Valuation is a key component in Corporate Finance in general. It is universally important, whether you are a startup looking to raise seed capital or a large company intending to go public. In today’s world, it defines companies and their prestige.
The first thing to understand about valuation is unlike most financial concepts, valuation is not entirely mathematical and objective. The reason is because valuation is based on future cash flows. You are predicting how your company will perform over the next 10 years. Hence it involves numerous assumptions.
Depending on the level of assumptions involved and the amount of data that is available, you can use different methods for valuation. The standard two methods include market multiples and discounted cash flow (DCF) methodologies. Additionally, there are Leveraged buyout (LBO) valuations.

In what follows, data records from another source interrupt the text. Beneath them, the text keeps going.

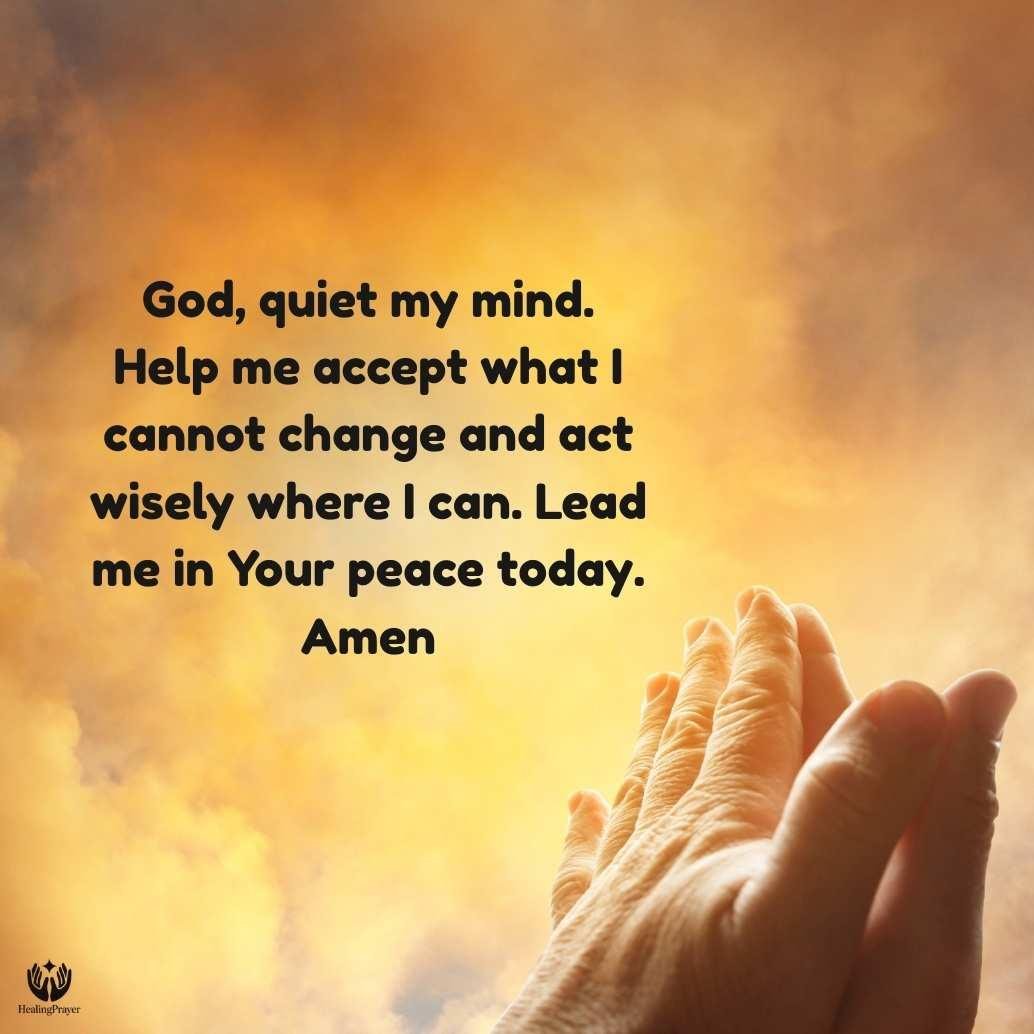Short Serenity Prayer Version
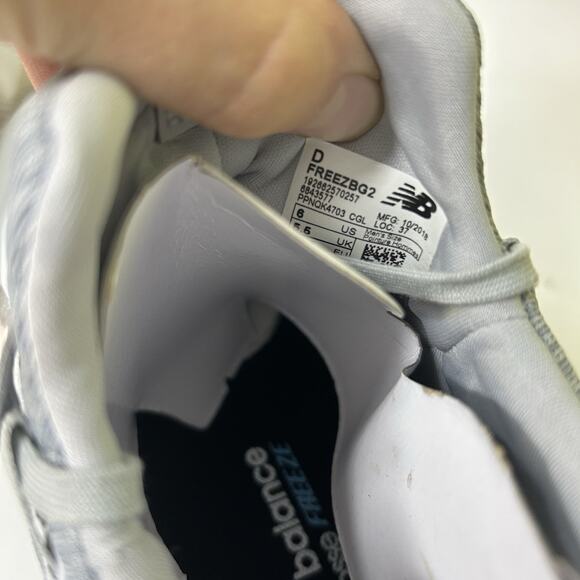 New Balance Freeze Box 2.0 Mens 6 FREEZBG2 Gray Lace Up Sneakers - Picture 8 of 8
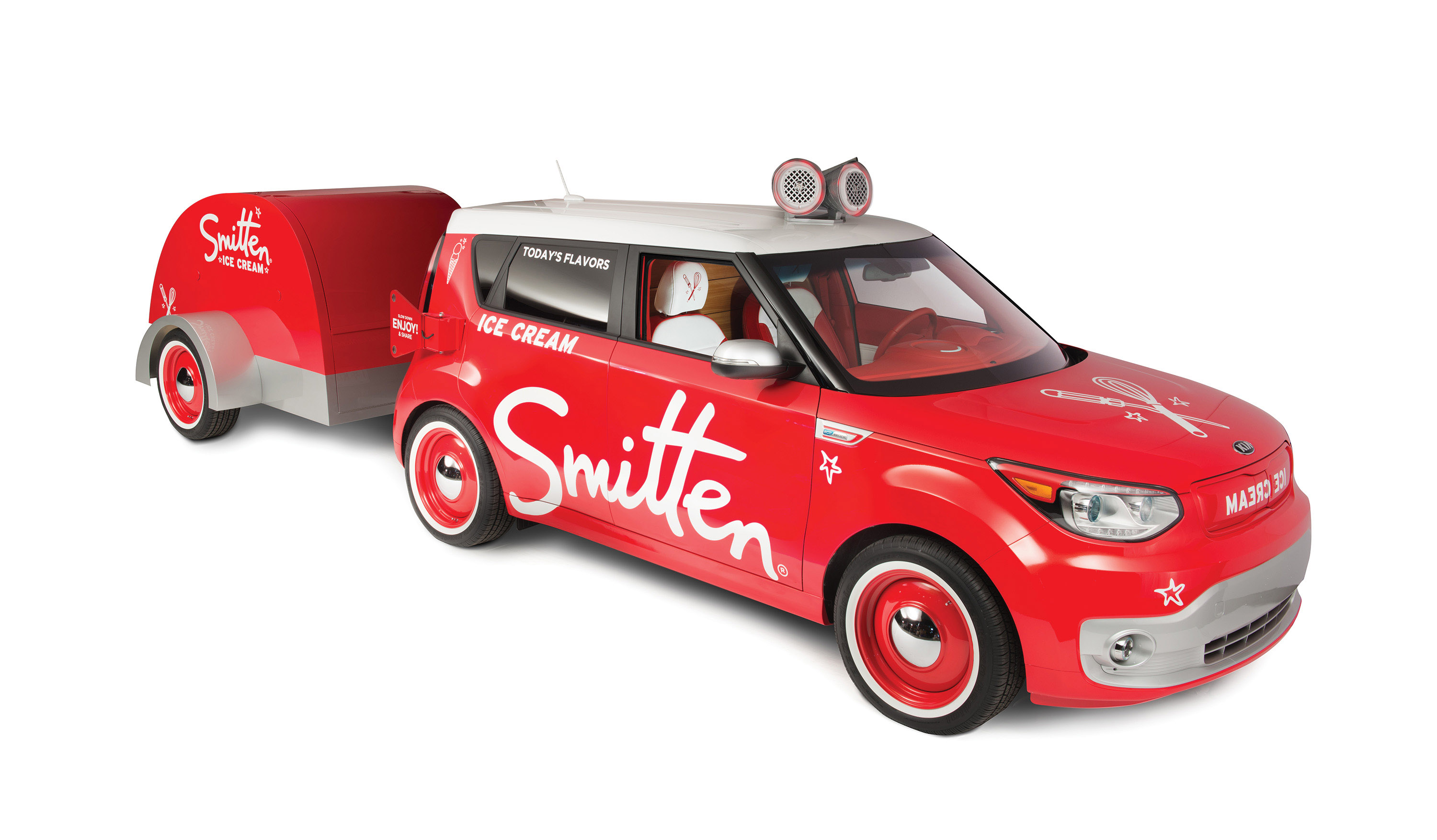 Smitten Ice Cream Kia Soul EV photo #1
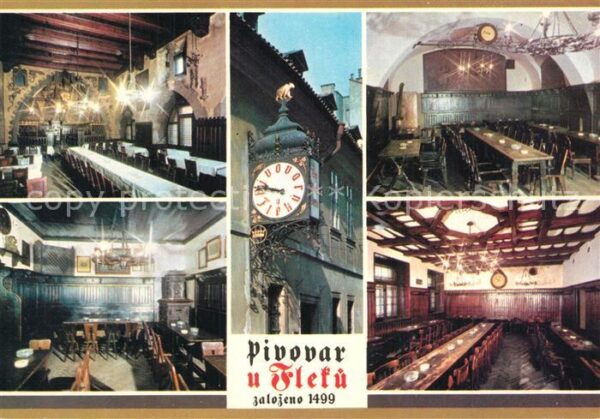 Praha Prahy Prague Pivivar U Fleku Bier-Restaurant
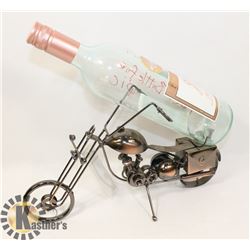 METAL WINE BOTTLE HOLDER MOTORBIKE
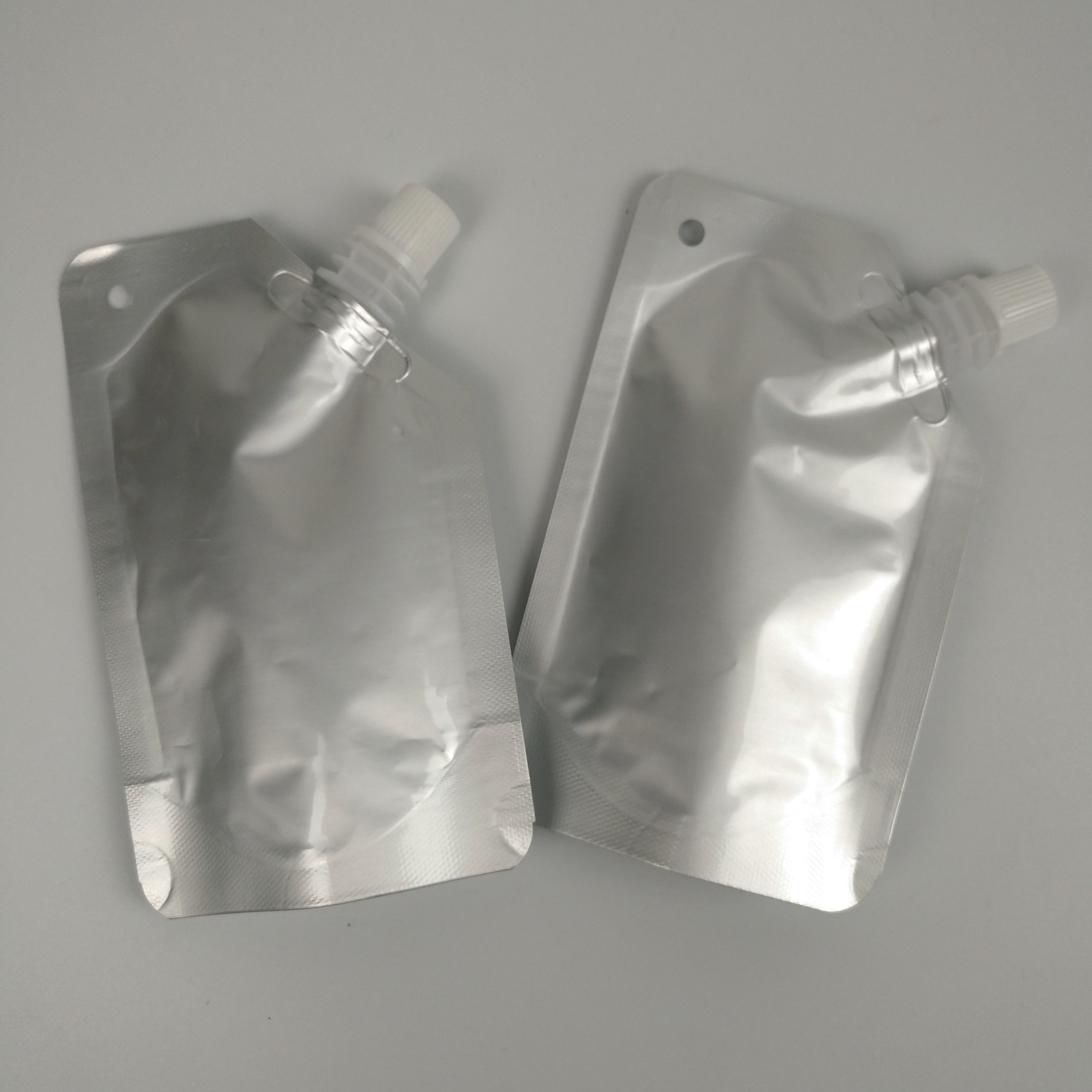 Aluminium Spout Pouch Stand Up Tas Kemasan Cairan Kemasan Minyak Esensial - Aluminium Spouted Water Spouch Wine Bag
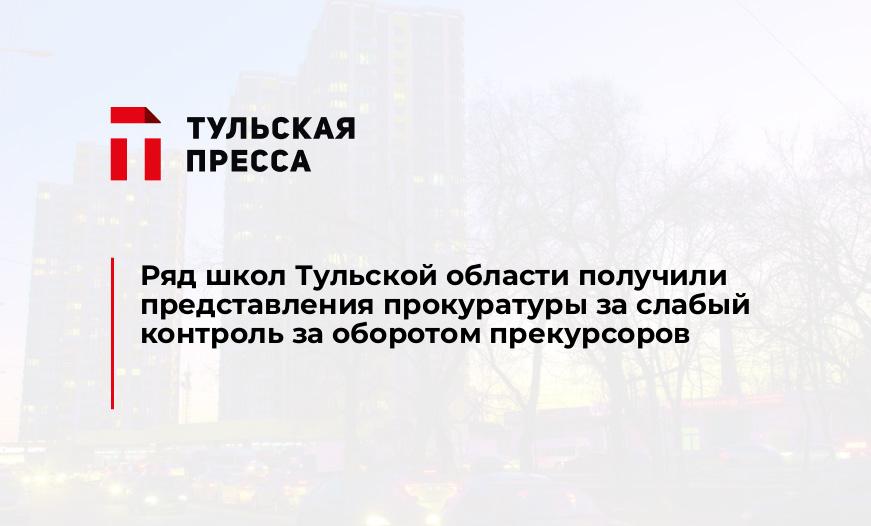 Ряд школ Тульской области получили представления прокуратуры за слабый контроль за оборотом прекурсоров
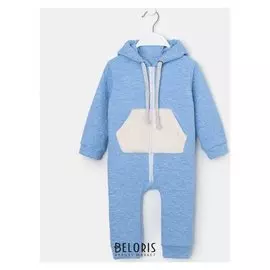 Комбинезон для мальчика, цвет голубой, рост 86 см (56)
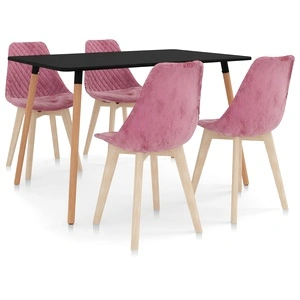 Трапезен комплект от 5 части, розов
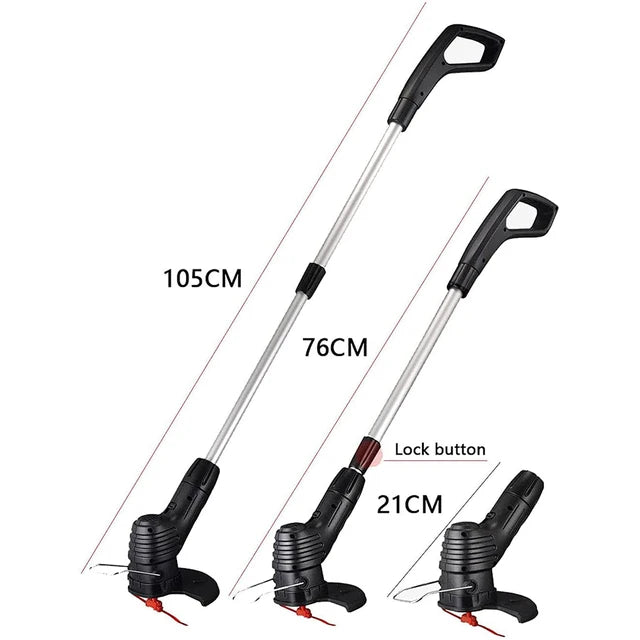 High Powered USB Rechargeable Handheld Weed Lawn Edger Grass Trimmer
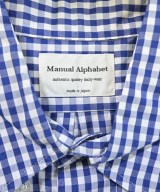 Manual Alphabet（マニュアルアルファベット）カジュアルシャツ 青 サイズ:2(M位) メンズ/2200684229058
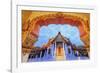 Thailand, Bangkok, Wat Benchamabophit (Marble Temple)-Michele Falzone-Framed Photographic Print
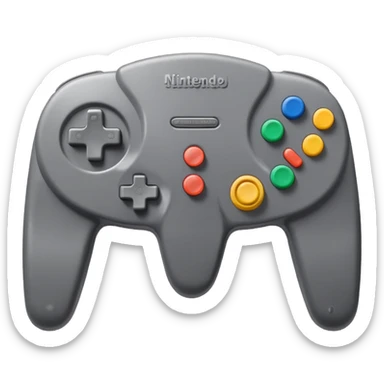 Nintendo 64 sticker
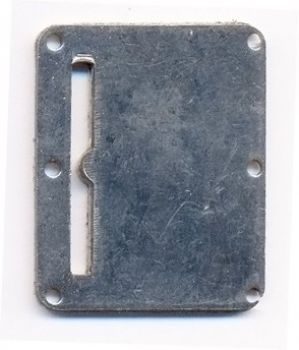 Token entry plate metal FB-B2 28,5x35,5mm grooved token B2
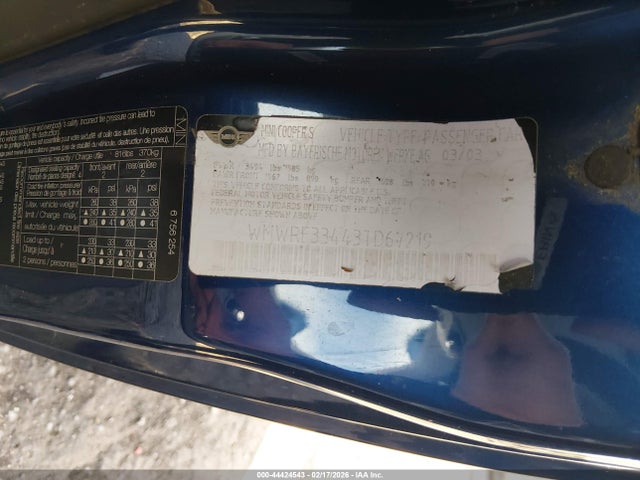 2003 MINI COOPER S WMWRE33443TD67219 Photo 8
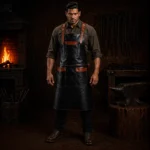 Ironclad Blacksmith Crazy Horse Leather Apron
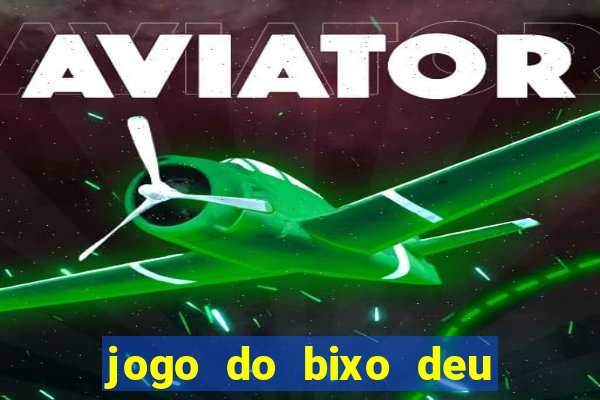 jogo do bixo deu no poste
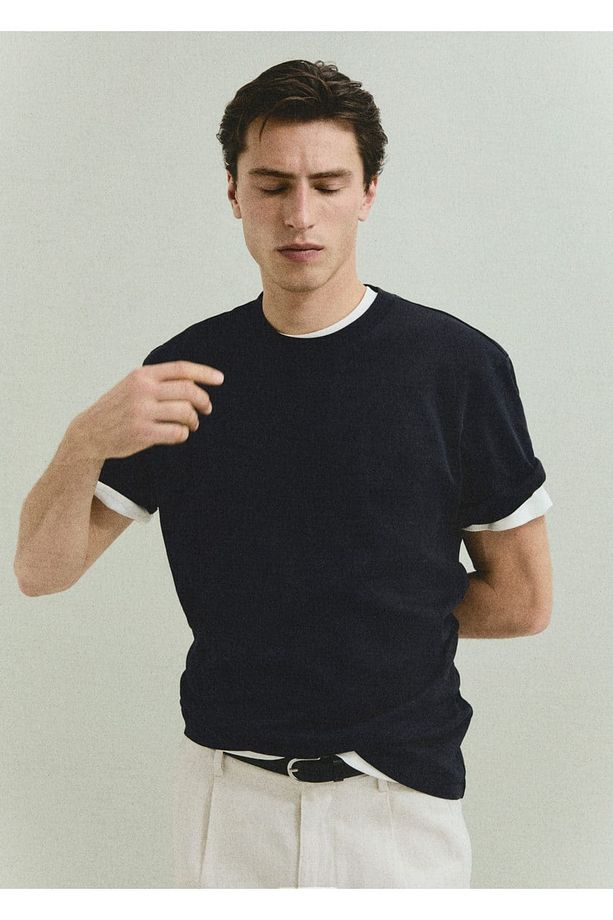 Regular fit %100 pamuklu tişört - 6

Less than a decade back, Strathmore Minerals sold assets in Pine Tree-Reno Creek, Wyoming, to NCA Nuclear Inc. for $30M. While we don’t have full details on this, we were informed that NCA Nuclear Inc. used an LBO methodology to value the asset. The reason behind the LBO methodology was that there was significant amount of debt that was used to purchase the asset.
Let us assess when each method is used. Market multiples are used in the comparable method, where you use a multiple on projected EBITDA to derive valuation. They can be used in situations where a minority share of the company is sold or new equity issued, and there is an accurate comparable that is available. Comparable method is used in Equity Capital Markets (ECM) and M&A transactions
The DCF method is usually the most precise methods, and is used when you have an indication of future cashflows and interest rates. It does involve a huge number of assumptions and whatever it brings in terms of precision, it loses in terms of accuracy. The DCF method is used everywhere, provided future data is available.
And finally, LBO valuation is used in acquisition scenarios where a large amount, of the order of 50%-80% of the total price, is used to fund the acquisition. Private equity firms use this extensively in their acquisitions.